● **Your assignment**: The required output is the stretch from the line containing "Foto Casa com 3 Dormitórios" through the line containing "Dumaguete, Philippinen - 10." in the records below, unaltered and with no pictures.

● **Records for this task**:
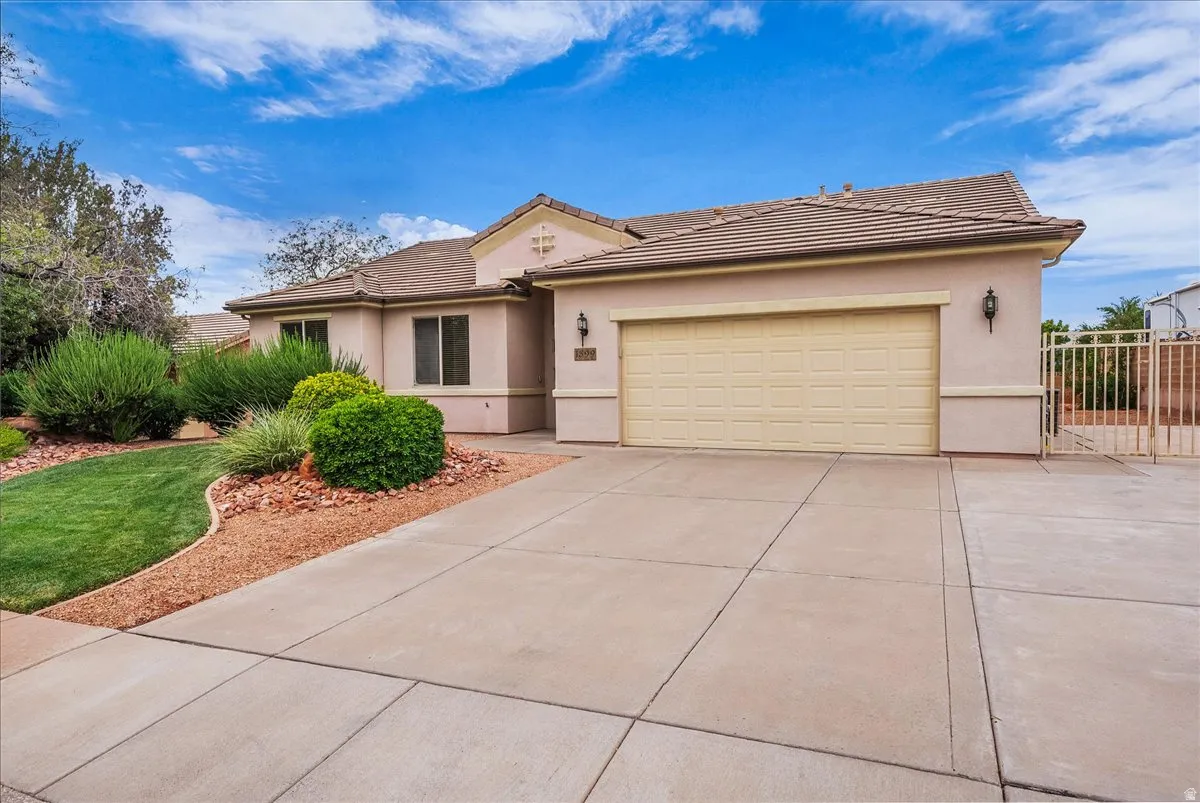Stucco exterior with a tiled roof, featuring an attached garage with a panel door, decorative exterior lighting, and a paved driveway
---
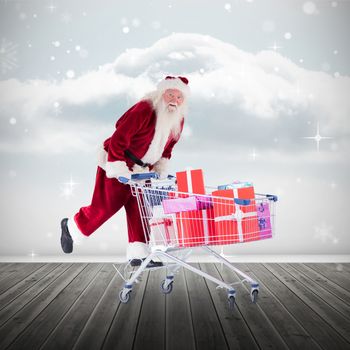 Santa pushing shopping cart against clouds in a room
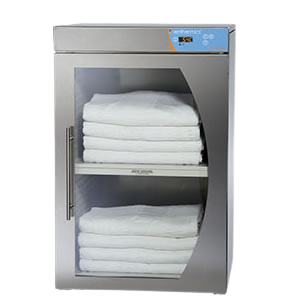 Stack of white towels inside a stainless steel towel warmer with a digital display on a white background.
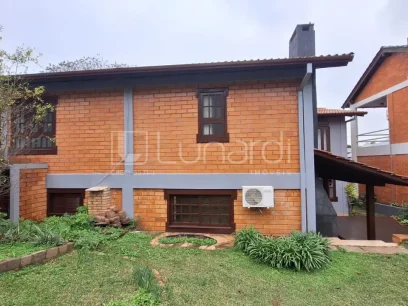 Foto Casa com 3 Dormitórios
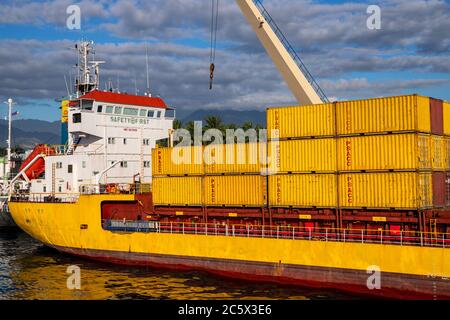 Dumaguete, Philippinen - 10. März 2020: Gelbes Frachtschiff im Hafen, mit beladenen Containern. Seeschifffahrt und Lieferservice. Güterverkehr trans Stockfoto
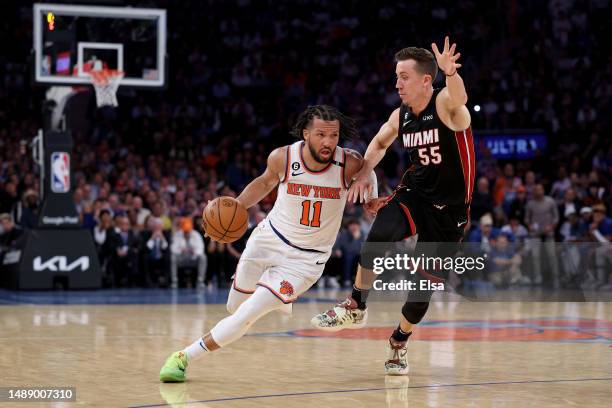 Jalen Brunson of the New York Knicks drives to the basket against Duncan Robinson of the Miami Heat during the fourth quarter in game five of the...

● **Exercise output**:
 Foto Casa com 3 Dormitórios
 Dumaguete, Philippinen - 10. März 2020: Gelbes Frachtschiff im Hafen, mit beladenen Containern. Seeschifffahrt und Lieferservice. Güterverkehr trans Stockfoto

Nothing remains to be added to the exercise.